Nesse dia de Páscoa, quando celebramos um momento de reflexão e renascimento, quero lembrar mais uma história que nos faz pensar. Acompanhe...


Hoje, dia 8 de abril, acontece uma celebração em Shibuya, subúrbio de Tóquio, capital do Japão. É o dia em que é lembrada uma das mais fantásticas histórias de amizade já contadas, entre um cachorro da raça Akita (chamado Hachiko) e seu dono, Hidesaburo Ueno.

Ueno, professor da universidade de Tóquio, adotou Hachiko ainda filhote, em 1924. Começava ali uma grande amizade. Morador de Shibuya, o professor Ueno caminhava diariamente até a estação de trem para pegar a condução para o trabalho.

Hachiko, depois de um pouco mais crescido, passou a acompanhar o dono. Pela manhã, os dois caminhavam até a estação juntos. Ueno entrava na estação e o cachorro voltava para casa.

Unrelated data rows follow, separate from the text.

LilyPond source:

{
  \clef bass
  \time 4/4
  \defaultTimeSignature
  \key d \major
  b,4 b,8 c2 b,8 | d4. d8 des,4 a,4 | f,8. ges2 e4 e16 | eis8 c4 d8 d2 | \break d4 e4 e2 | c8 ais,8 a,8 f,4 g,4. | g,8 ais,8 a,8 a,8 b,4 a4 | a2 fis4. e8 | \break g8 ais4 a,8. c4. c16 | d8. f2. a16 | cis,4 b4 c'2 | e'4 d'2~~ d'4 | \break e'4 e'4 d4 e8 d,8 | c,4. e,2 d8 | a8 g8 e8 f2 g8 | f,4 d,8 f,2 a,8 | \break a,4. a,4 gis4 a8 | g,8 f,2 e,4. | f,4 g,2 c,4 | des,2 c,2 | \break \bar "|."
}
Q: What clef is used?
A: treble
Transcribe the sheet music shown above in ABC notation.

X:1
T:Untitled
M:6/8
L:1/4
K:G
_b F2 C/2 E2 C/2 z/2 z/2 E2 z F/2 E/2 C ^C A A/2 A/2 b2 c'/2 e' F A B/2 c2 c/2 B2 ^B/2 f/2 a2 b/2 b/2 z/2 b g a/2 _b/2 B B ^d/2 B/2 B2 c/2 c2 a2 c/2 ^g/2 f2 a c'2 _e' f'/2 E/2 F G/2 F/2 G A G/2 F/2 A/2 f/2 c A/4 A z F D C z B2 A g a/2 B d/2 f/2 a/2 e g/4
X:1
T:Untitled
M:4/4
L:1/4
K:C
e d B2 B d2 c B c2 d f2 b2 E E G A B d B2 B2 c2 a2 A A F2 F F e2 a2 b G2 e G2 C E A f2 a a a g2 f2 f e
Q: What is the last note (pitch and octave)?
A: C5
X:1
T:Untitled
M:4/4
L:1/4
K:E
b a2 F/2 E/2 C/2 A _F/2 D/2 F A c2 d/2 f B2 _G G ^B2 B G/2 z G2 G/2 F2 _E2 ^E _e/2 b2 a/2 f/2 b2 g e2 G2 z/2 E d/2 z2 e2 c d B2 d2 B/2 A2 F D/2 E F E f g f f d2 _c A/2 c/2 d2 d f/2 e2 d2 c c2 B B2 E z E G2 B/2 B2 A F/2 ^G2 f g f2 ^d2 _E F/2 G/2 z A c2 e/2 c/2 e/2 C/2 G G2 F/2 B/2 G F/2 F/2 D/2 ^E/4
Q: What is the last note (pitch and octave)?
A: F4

O interessante é que Hachiko sabia exatamente a hora em que seu dono chegaria à estação, de volta do trabalho. Ele, então, saía de casa sozinho todas as tardes, ia até a estação e se sentava de frente para a porta por onde saíam os usuários do trem que chegava.

E o professor era recebido com todo o carinho assim que saía pela porta. Essa rotina durou pouco mais de um ano.

Foi quando no dia 21 de maio de 1925, Hachiko, como sempre, saiu de casa em direção à estação para esperar seu grande amigo. Sentou-se e esperou. As pessoas que chegaram no trem daquele horário saíram da estação, mas nenhuma delas era o professor. Chegou o trem seguinte, outro trem e mais outro. E nada do professor chegar.

Ele não chegaria. Hidesaburo Ueno havia sofrido um derrame fatal, poucas horas depois de se despedir de Hachiko na porta da estação, quando foi trabalhar.

Mas a história não termina aqui.

Hachiko, na esperança de rever seu amigo, manteve essa mesma rotina: todos os dias, no mesmo horário, ele ia até a estação, sentava-se em frente à porta de saída e esperava. E assim foi por quase dez anos, quando no dia 8 de março de 1935, Hachiko, já debilitado pela artrite, com pouco mais de 11 anos de idade, foi encontrado morto.

A história de Hachiko foi publicada por um jornal local em 1933, quando o cão, ainda vivo, mantinha sua incansável espera. Antes de morrer, também foi homenageado com uma estátua de bronze em Shibuya, perto da estação. A história ganhou o mundo, virou livro e também filme.

Essa história fantástica nos faz pensar: o que tornou tamanha demonstração de amizade possível?

Já me disseram que a coisa mais importante em uma amizade é a fidelidade. Discordo. Fidelidade não tem tanto a ver com pessoas. Tem a ver com valores, com princípios, com um compromisso. No dicionário, fiel é aquele que é leal e honrado, mas é também aquele que não falha; que é seguro; pontual, exato*.

Em relacionamentos, ninguém é 100% seguro. Ninguém é infalível e exato o tempo todo. Ninguém. Por isso, o mais importante, não só em amizades, mas em qualquer relacionamento, não é a fidelidade. É a reciprocidade. É a troca mútua. É o dar e o receber.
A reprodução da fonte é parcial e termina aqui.